Un premier exemple de projet en cours

L’Hôtel DIEU

Nous avons, avec Pierre-Antoine Gatier et Novaxia, été déclarés lauréats, de l’appel d’offres lancés par les Hôpitaux de Paris (AP-HP) par les bons soins de Martin Hirsch, l’actuel Directeur général de l’Assistance Publique des Hôpitaux de Paris.

Le projet porte sur l’aménagement de la partie sud de l’Hôtel-Dieu, celle qui s’ouvre sur le Parvis de Notre-Dame, alors que la partie nord hébergera les urgences, ses services actuels et les modernise. Il s’agit de restructurer l’Hôtel-Dieu en renforçant l’accueil pour tous, notamment en installant un institut pour la recherche et l’innovation dans la médecine, tout en ouvrant ce site aux parisiens par l’installation de services.

Compte tenu du contexte historique il s’agit bien de faire bouger les choses sans faire trembler les murs. J’ai donc cherché à équilibrer adroitement la structure historique des bâtiments existants avec un programme chargé de nouvelles destinations, nécessitant de nouvelles configurations d’espaces. Apparaissent alors des assemblages assez inattendus, qui projettent l’Hôtel-Dieu dans une modernité surprenante.

En cours d’étude, j’ai trouvé plus important d’ouvrir la cour qui donnait, à l’ouest, sur la rue de Lutèce plutôt que la façade sud, sur le parvis. Je voulais renforcer l’axe institutionnel qui liait l’Hôtel-Dieu au palais de justice de Paris plutôt qu’ouvrir la façade sud au tourisme de masse, peu concerné par nos espaces. La décision était délicate mais énonçait clairement une préférence pour un projet qui tutoierait le parvis de Notre-Dame sans vraiment s’ouvrir dessus.

Toutefois, l’axe nord-sud (qui prenait naissance sur le parvis et qui se finissait sur l’escalier de la chapelle, placée tout au fond du jardin), resterait l’axe principal de la nouvelle composition. Les espaces végétaux devenaient minéraux, les espaces minéraux devenaient végétaux. J’avais alors le sentiment que le patrimoine pouvait très bien s’accommoder, voire s’enrichir, de la modernité.

Un autre exemple de projet en cours

LA NEF NOTRE DAME

Un évènement tragique devait alors arriver (nous étions mi-avril). Notre-Dame de Paris était en feu. Et la consternation s’abattait sur l’ensemble des peuples européens et américains. Les chrétiens venaient de voir partir en flammes le plus haut lieu représentatif, dans l’histoire, de leur culte.

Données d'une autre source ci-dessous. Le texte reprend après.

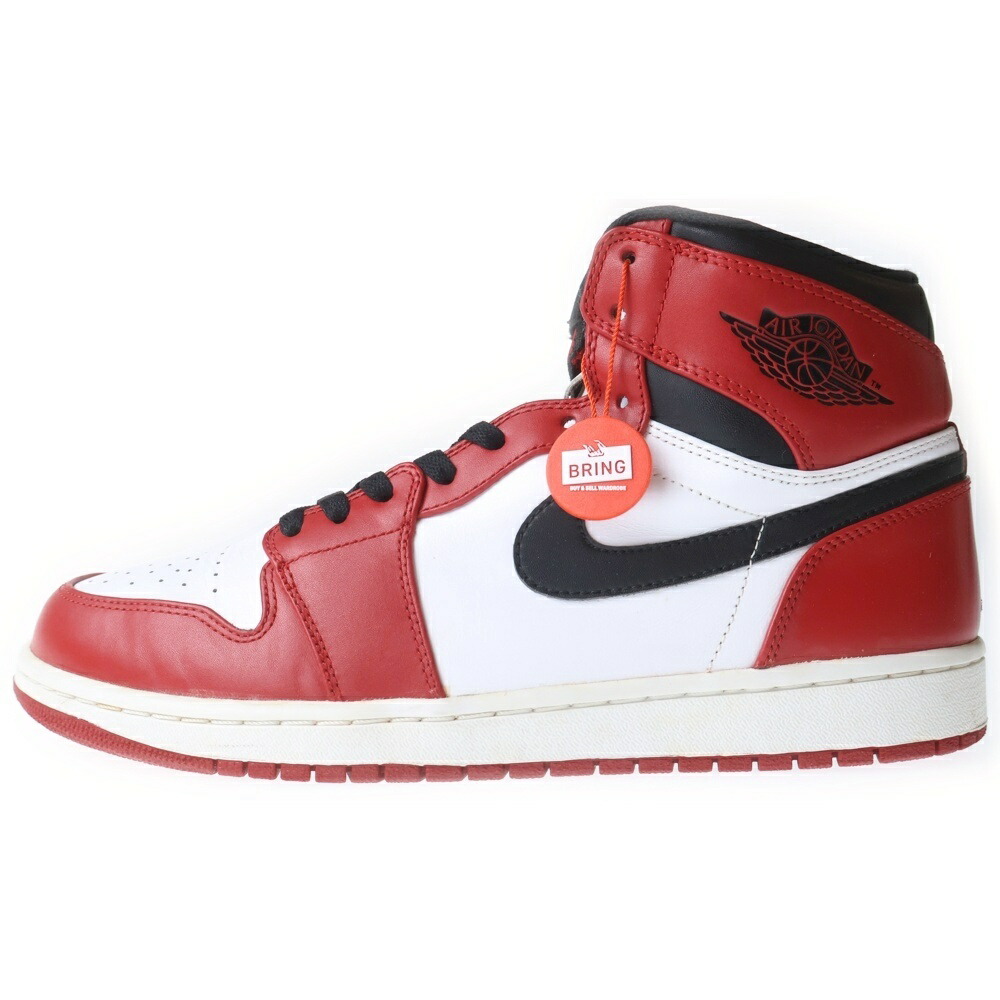 NIKE(ナイキ) 大きさ:28.5珊 【褒めたたえる用 2013年製】 AIR JORDAN 1 RETRO HIGH CHICAGO 332550-163 エアジョーダン1 風の強い町 ハイカットスニーカー 赤いこと/白いこと US10.5/28.5珊【中古】【度合いA】【色つや赤いこと】【取りまわしバス発着場BRING KICKS】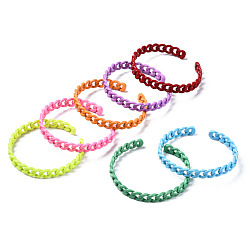 Mixed Color Spray Painted Brass Cuff Bangles, Curb Chain, Mixed Color, Inner Diameter: 1-7/8 inch(4.9cm), 7.5mm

C’est alors que j’eus l’idée de proposer à Martin Hirsch et à Novaxia d’ébaucher une nef à partir d’une construction de nature provisoire, légère et démontable, qu’on installerait à l’intérieur de l’Hôtel-Dieu, à l’emplacement de son jardin central. Bien sûr, l’espace réquisitionné serait rendu au projet global de restructuration du site, dès l’achèvement des travaux de Notre Dame. 

La nef que j’installe au cœur de l’Hôtel-Dieu permettra d’accueillir les pèlerins. Elle permettra également d’informer sur les travaux de Notre-Dame et de l’Hôtel-Dieu.

L’ouvrage, tel que je l’ai imaginé est un ouvrage qui se monte et se démonte facilement, grâce à une structure légère faite à partir de pièces en bois de lamellé-collé et faciles à assembler.

Ce sont de grands arcs-boutants qui se terminent en partie haute par des embouts qui ressemblent aux chas des aiguilles et dans lesquels se glisse une poutre ronde.

La structure, une fois montée, est recouverte par une façade qui fait aussi office de couverture et qui déroule vers le sol des couches de tuiles en polypropylène, légères et translucides. La coupe du bâtiment m’avait été inspirée par une reproduction de la Vierge à l’Enfant dont j’avais retenu la découpe qu’elle laissait dans le ciel. L’aspect diaphane de la nef, par ces étranges images qui peuplaient nos missels.